Republican gubernatorial candidate Bruce Rauner is known for wearing an $18 watch in TV campaign ads. But when it comes to wine, he's not exactly popping open bottles of "Two-Buck Chuck." On Tuesday, Rauner disclosed he belonged to an invitation-only, exclusive wine club that cost upward of $100,000 to join. "I have many investments, and I am a member of many clubs," Rauner said when asked about membership with the Napa Valley Reserve wine club at a news conference. Pressed further on whether he was a member, Rauner responded: "Yes," without elaborating.
In the 2012 presidential race, Democrats were eager to paint Mitt Romney as an out-of-touch elitist incapable of understanding the challenges facing working families. The Republican candidate had a habit of making the Dems' job easy -- the $10,000 bet, the car elevator, the Cadillacs, etc. -- before Romney's "47 percent" video effectively sealed the deal.
Two years later, Romney is apparently still in demand in some GOP circles, but it's Democrats who are eager to put his legacy to use. In Georgia's U.S. Senate race, for example, David Perdue has been targeted with very familiar criticisms that come straight from the anti-Romney playbook.
Similarly, in Illinois' gubernatorial race, Republican Bruce Rauner -- by some measures, the frontrunner -- is also being labeled as a Romney clone. Yesterday's developments seemed to drive home the point quite well.
There's apparently some debate about whether membership in the exclusive wine club costs $100,000 or $150,000, but either way, as Philip Bump joked, "Bruce Rauner spends more on wine than average Illinois households spend on everything."
Rauner, who made his fortune during a successful career at a private-equity firm, also spent $100,000 on a parking spot and has described himself as belonging to the ".01 percent."
In other words, say hello to Illinois' Mitt Romney.
It's important to note that there's a flip side to this entire line of attack: it arguably doesn't matter. The truth is wealthy people tend to spend considerable sums on lavish things. Most of us can't relate to such purchases because we're not rich, but maybe questions about whether candidates are "relatable" just aren't important.

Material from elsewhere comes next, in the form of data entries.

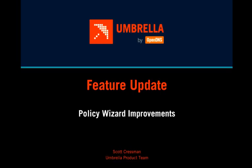Hi there, my name is Scott Cressman, one of the Product Managers for the Umbrella Product Team. Today I'd like to show you some improvements we've recently made to the Policy Wizard in our Umbrella Web Dashboard for defining policies.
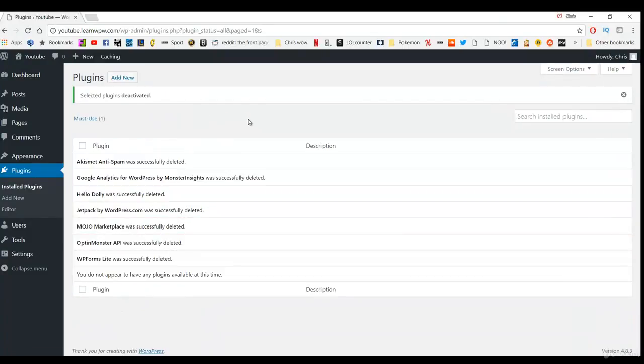So the plugins that were already installed now have been deactivated and deleted. And later on I am going to show you what plugins that we will be using and what they are used for.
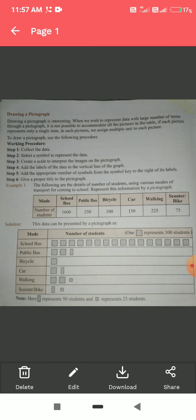In order to represent the data, we have to make the scale accordingly. These were the steps of drawing a pictograph using symbols: first, collect the data; second, select a symbol; third, create a scale; fourth, add the labels. Here we used mode and number of students as labels. We also have to add the appropriate number of symbols from the symbol key — half block represents 50 students and one-quarter block represents 25 students.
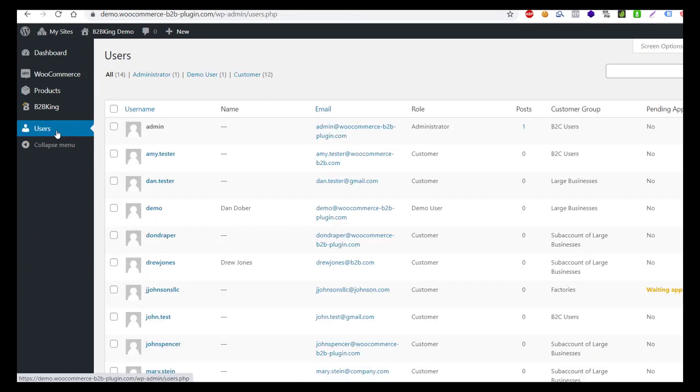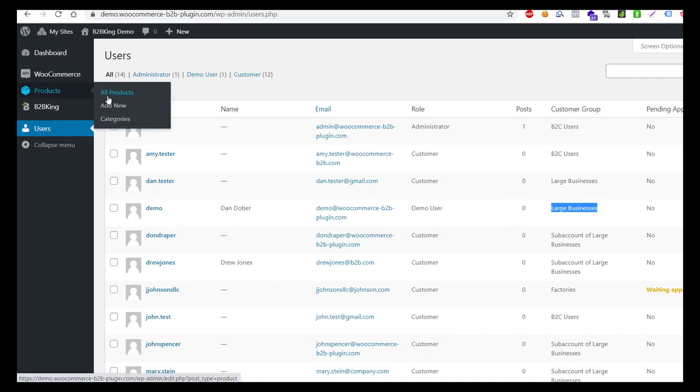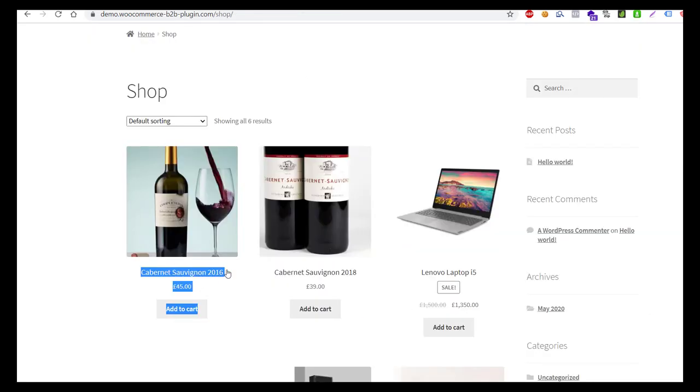Our current user is Demo and is part of the large businesses group. Now let's go to the product page and set the price for this group. The normal price is £45.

For me, I'd argue the more salient question isn't how wealthy a candidate is, but rather, what policies that candidate intends to pursue regarding wealth. I remember much of the media was fascinated by the cost of a John Edwards haircut in 2008, but the relevant question is what Edwards intended to do for those who couldn't possibly afford such expensive grooming.
It's easy to think of very wealthy candidates with names like Kennedy, Roosevelt, and Rockefeller who weren't exactly mocked for their riches -- probably because their policy platforms focused on trying to help those on the other end of the economic scale.
With this in mind, the fact that Rauner is willing and able to pay six figures to join a wine club is startling, but I'm even more interested in the fact that he proposed lowering the state's minimum wage.
Postscript: The timing of these revelations could be better for Rauner. Incumbent Gov. Pat Quinn, the Democrat Rauner hopes to defeat, is living on the minimum wage this week to prove a point about his economic agenda. The governor reportedly had graham crackers for dinner on Monday night.